Activity: Beginning with the line that contains "14K White Gold 1/2 ct Diamond Love Knot Ring" and ending with the last line of the records, write out each line exactly and omit the pictures.

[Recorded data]
# # #

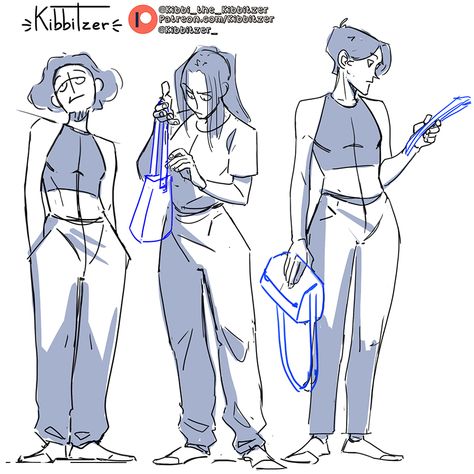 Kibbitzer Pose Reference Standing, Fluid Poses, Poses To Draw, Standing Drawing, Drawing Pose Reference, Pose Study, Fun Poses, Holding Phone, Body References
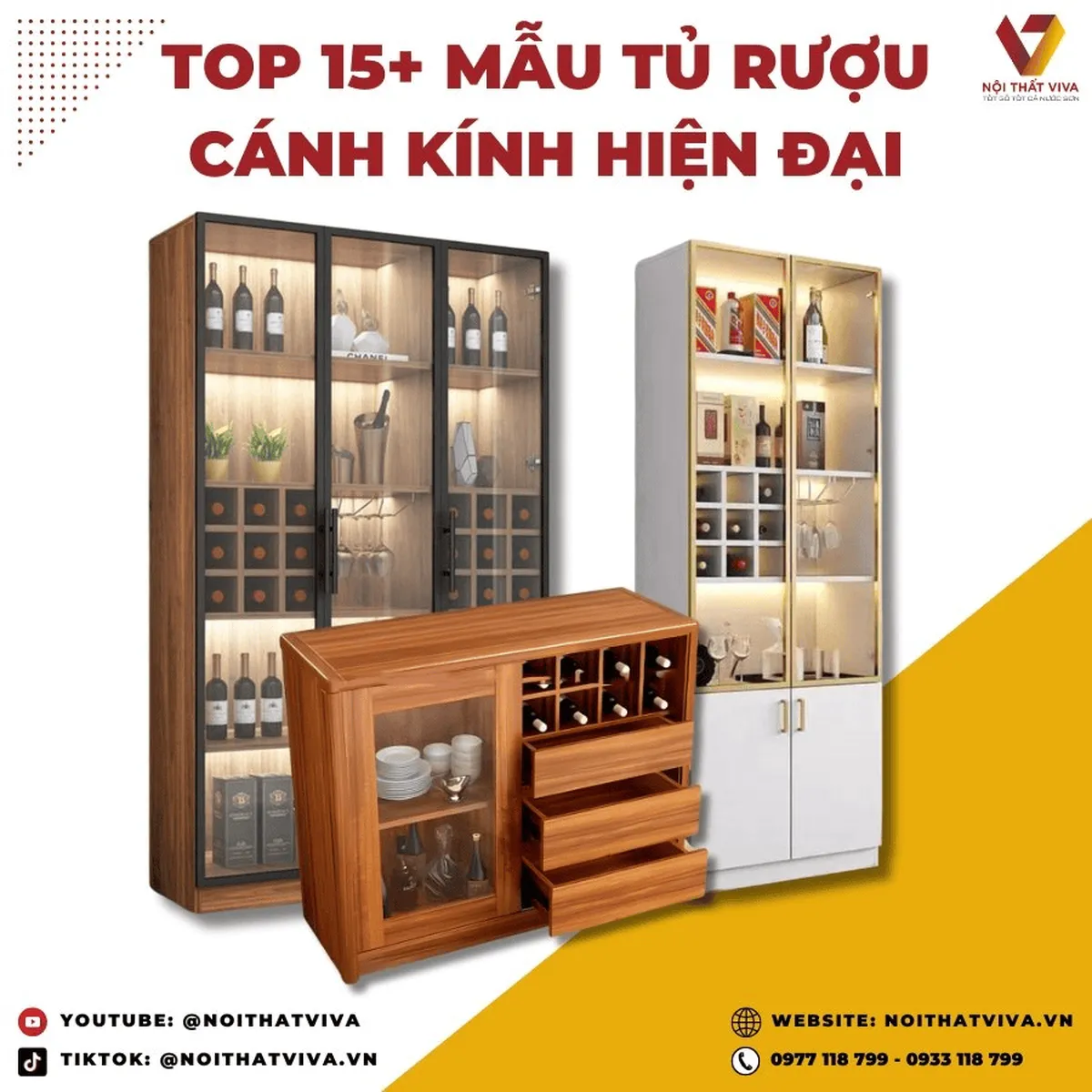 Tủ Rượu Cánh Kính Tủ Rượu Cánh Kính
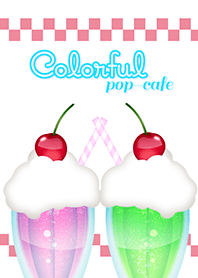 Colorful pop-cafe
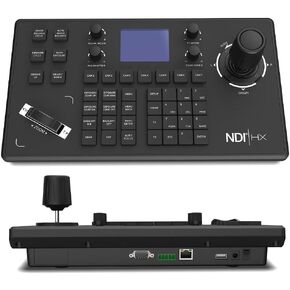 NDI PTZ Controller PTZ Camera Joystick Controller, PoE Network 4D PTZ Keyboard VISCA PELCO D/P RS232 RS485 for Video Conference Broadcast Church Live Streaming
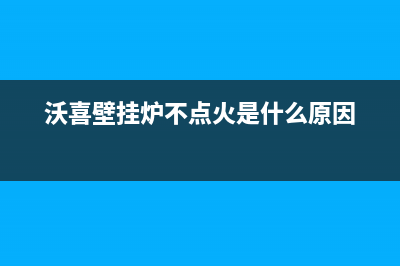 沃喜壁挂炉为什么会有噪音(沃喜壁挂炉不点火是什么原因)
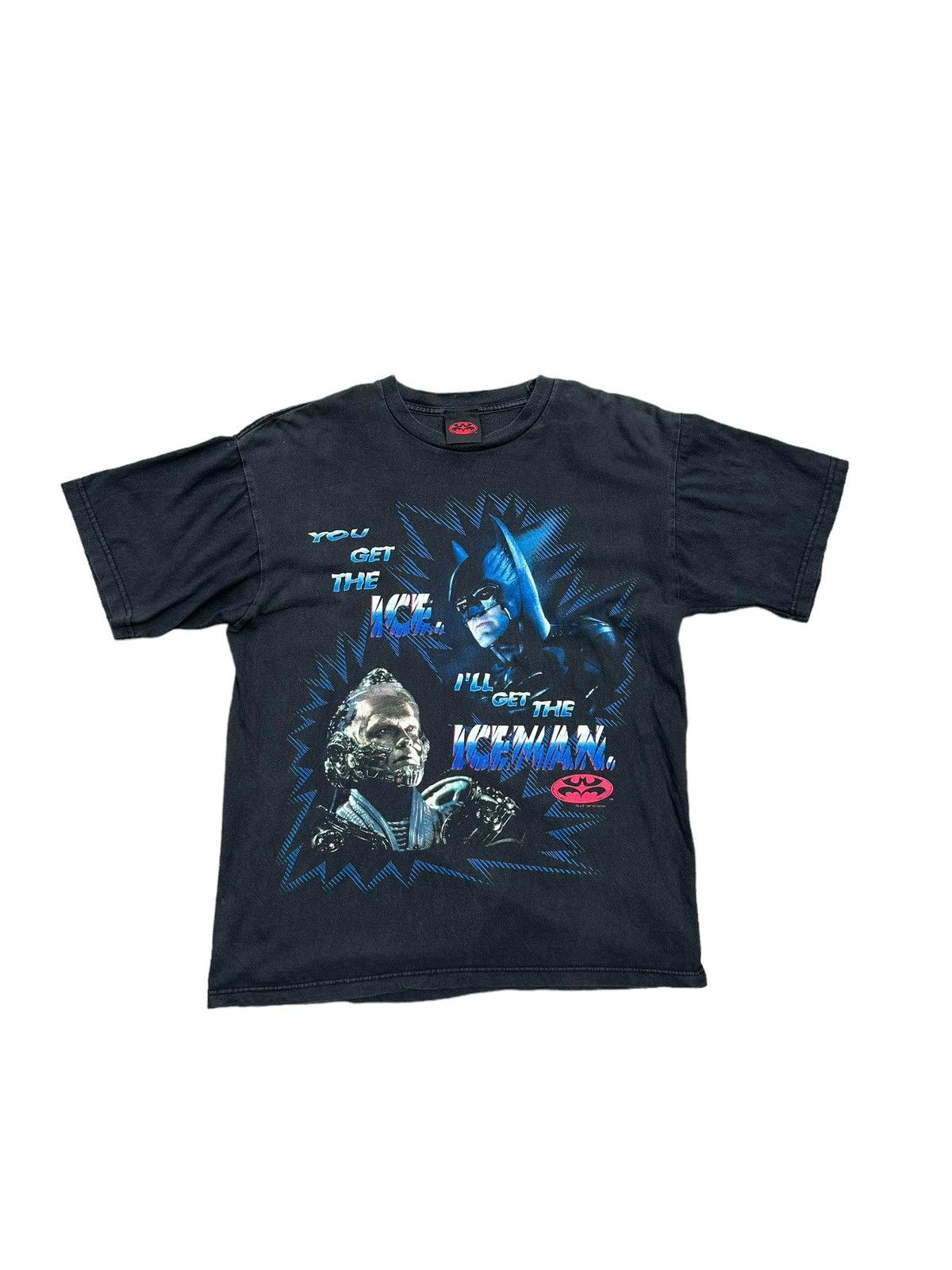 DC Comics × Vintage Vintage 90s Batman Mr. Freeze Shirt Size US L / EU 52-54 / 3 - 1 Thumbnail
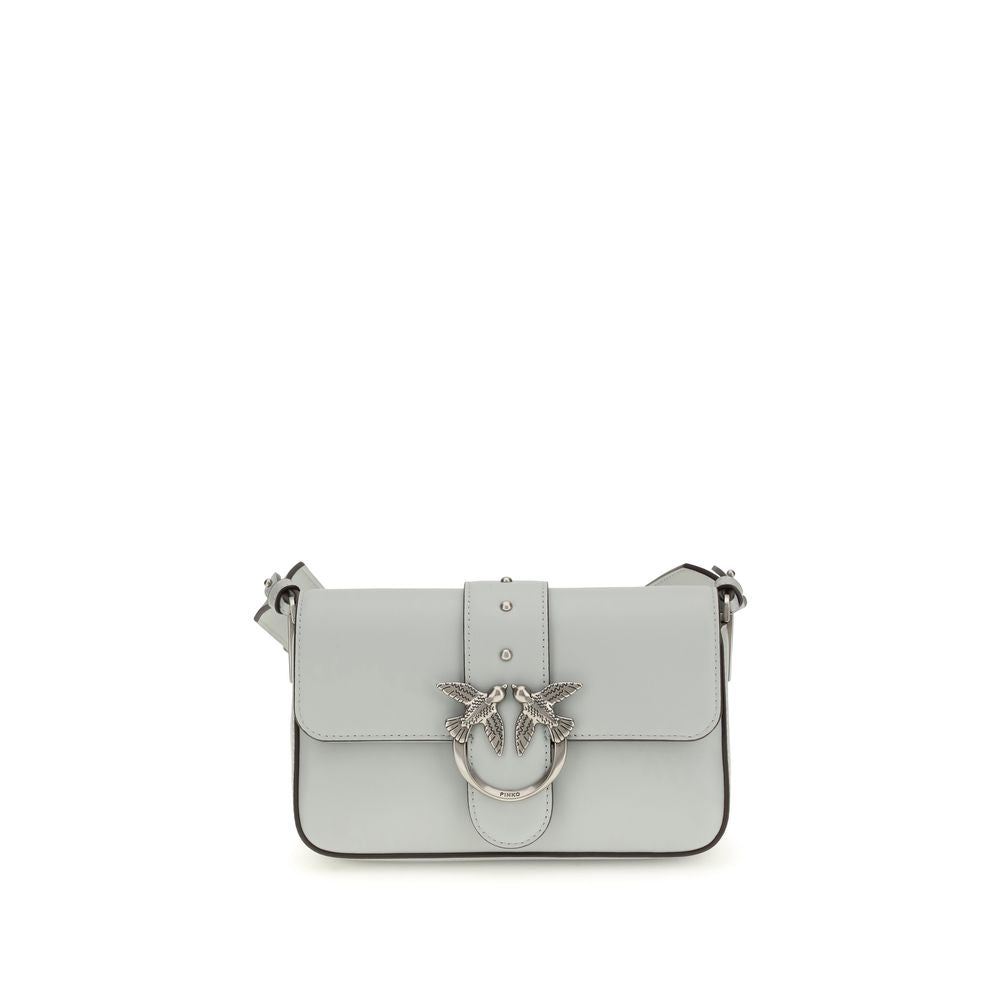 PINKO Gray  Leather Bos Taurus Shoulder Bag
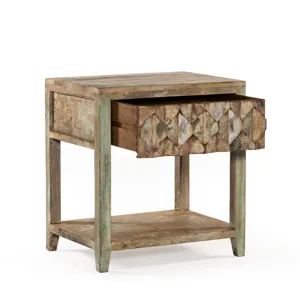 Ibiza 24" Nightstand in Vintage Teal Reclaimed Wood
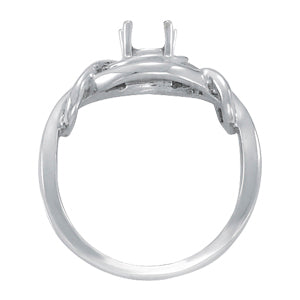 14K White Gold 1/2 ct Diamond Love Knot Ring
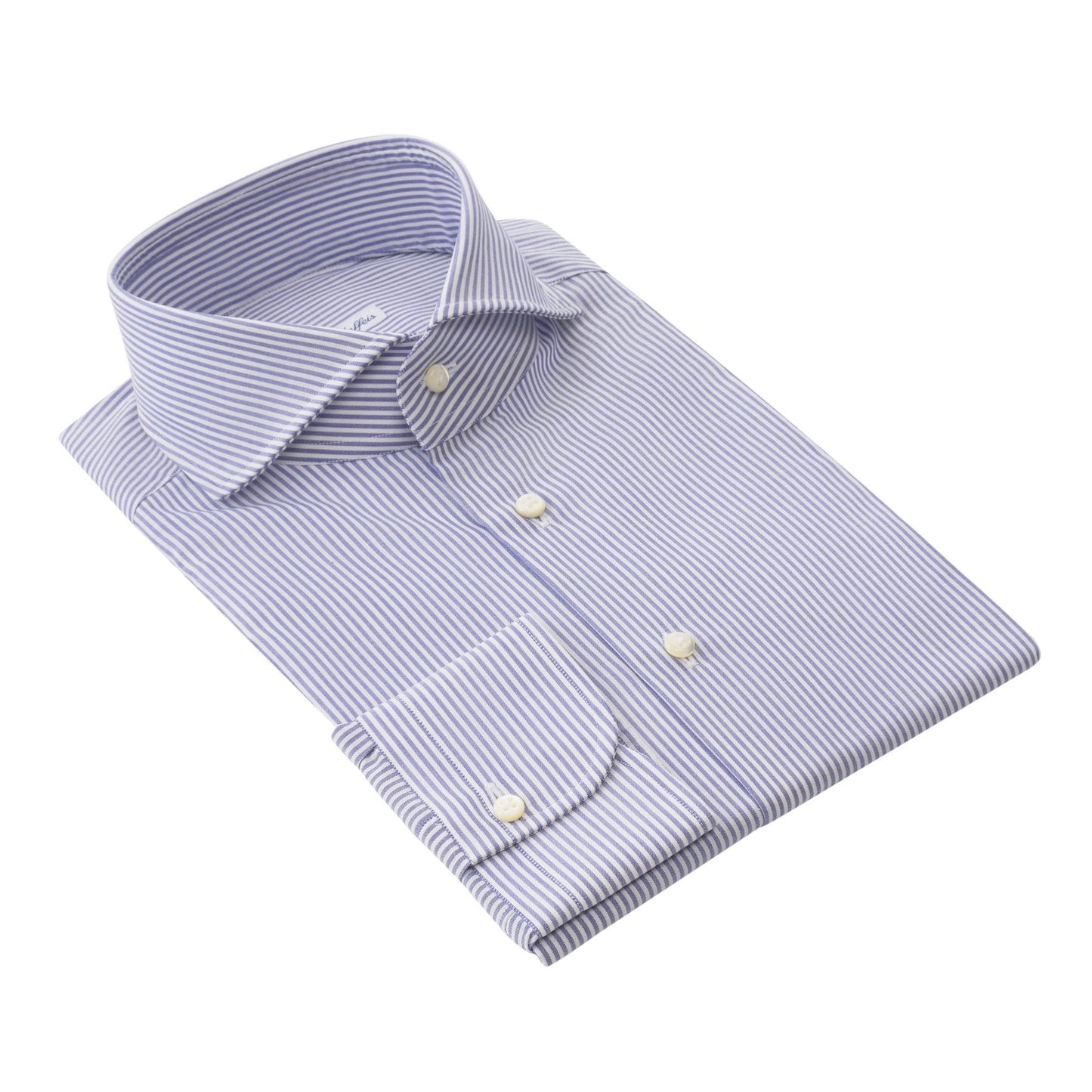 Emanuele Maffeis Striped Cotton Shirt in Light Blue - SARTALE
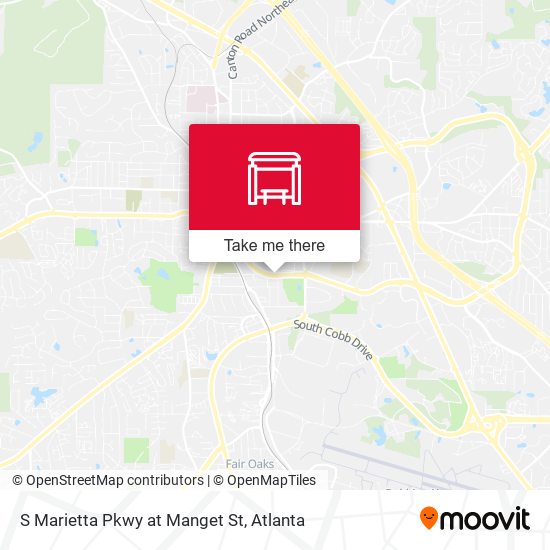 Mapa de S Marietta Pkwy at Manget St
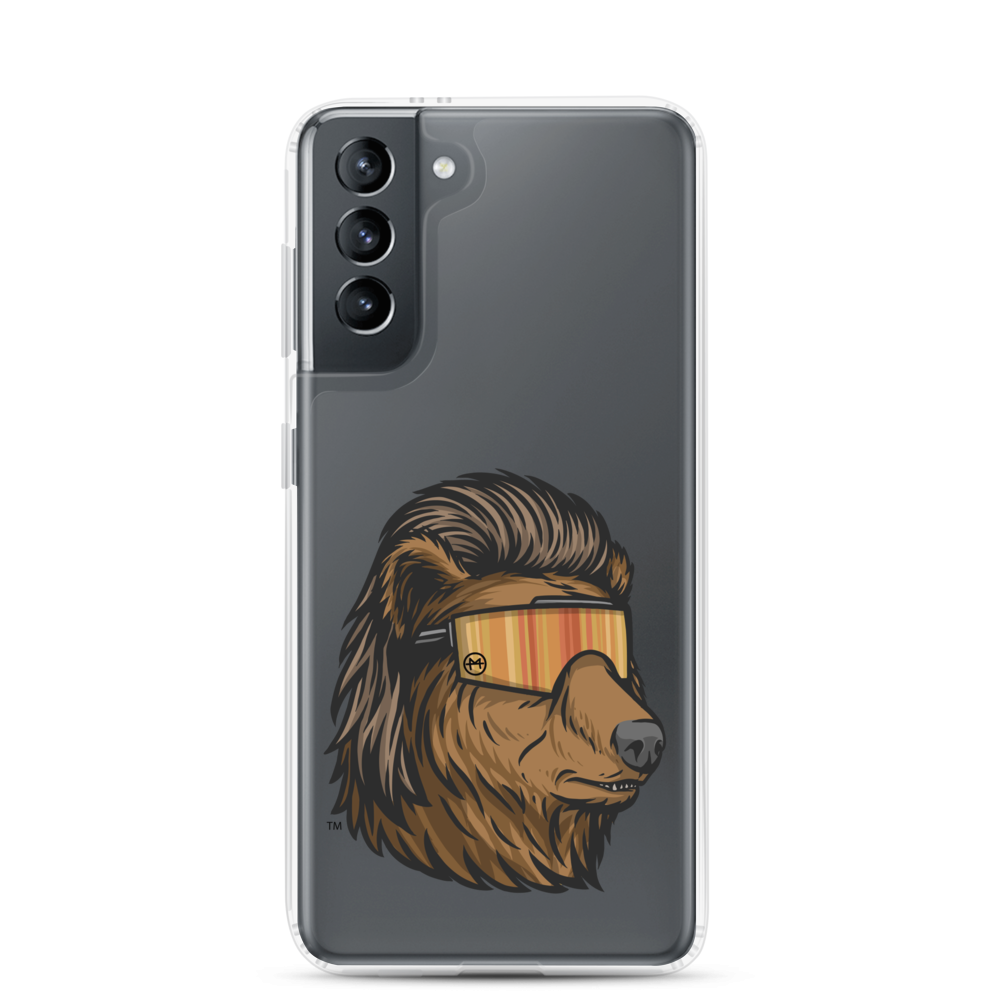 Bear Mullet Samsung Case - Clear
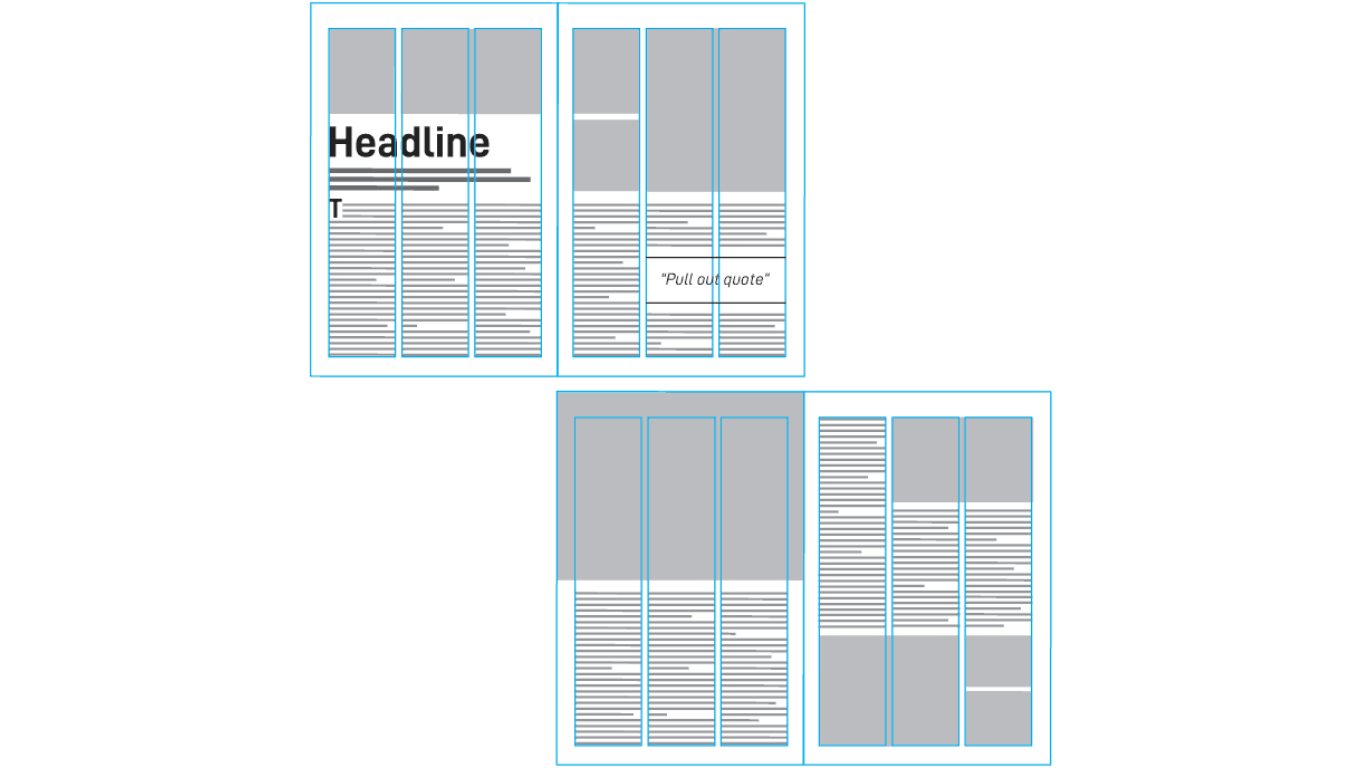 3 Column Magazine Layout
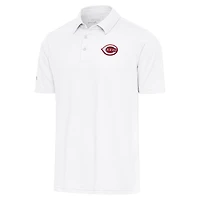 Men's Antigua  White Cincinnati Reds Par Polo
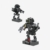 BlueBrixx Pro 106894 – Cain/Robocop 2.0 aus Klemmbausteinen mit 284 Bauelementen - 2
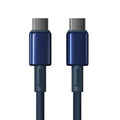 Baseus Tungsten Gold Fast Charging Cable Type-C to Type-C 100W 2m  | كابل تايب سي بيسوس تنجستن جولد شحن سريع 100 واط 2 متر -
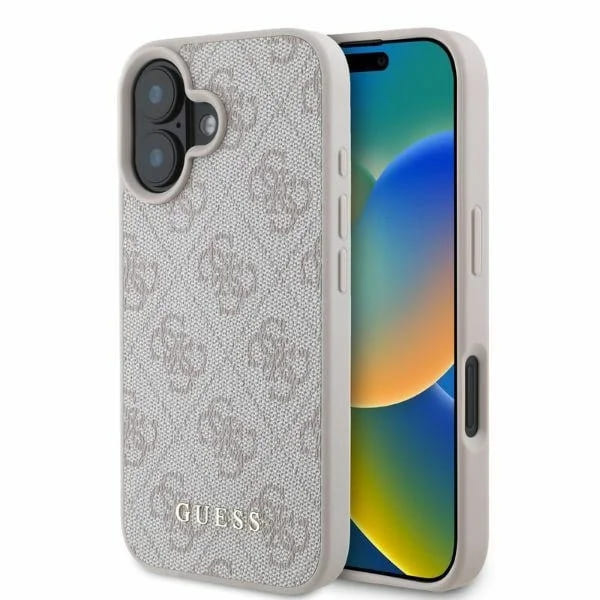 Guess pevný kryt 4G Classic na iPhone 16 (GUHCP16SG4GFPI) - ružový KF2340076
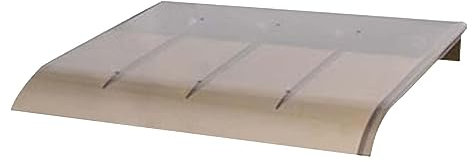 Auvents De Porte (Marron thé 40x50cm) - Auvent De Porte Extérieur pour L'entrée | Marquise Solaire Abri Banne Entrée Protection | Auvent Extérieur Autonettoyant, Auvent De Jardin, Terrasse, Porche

# # #

Task result:
 14K White Gold 1/2 ct Diamond Love Knot Ring
 Emanuele Maffeis Striped Cotton Shirt in Light Blue - SARTALE
 Mapa de S Marietta Pkwy at Manget St
 Bear Mullet Samsung Case - Clear
 3 Column Magazine Layout
 Men's Antigua  White Cincinnati Reds Par Polo
 BlueBrixx Pro 106894 – Cain/Robocop 2.0 aus Klemmbausteinen mit 284 Bauelementen - 2
 Baseus Tungsten Gold Fast Charging Cable Type-C to Type-C 100W 2m  | كابل تايب سي بيسوس تنجستن جولد شحن سريع 100 واط 2 متر -
 Guess pevný kryt 4G Classic na iPhone 16 (GUHCP16SG4GFPI) - ružový KF2340076
 Auvents De Porte (Marron thé 40x50cm) - Auvent De Porte Extérieur pour L'entrée | Marquise Solaire Abri Banne Entrée Protection | Auvent Extérieur Autonettoyant, Auvent De Jardin, Terrasse, Porche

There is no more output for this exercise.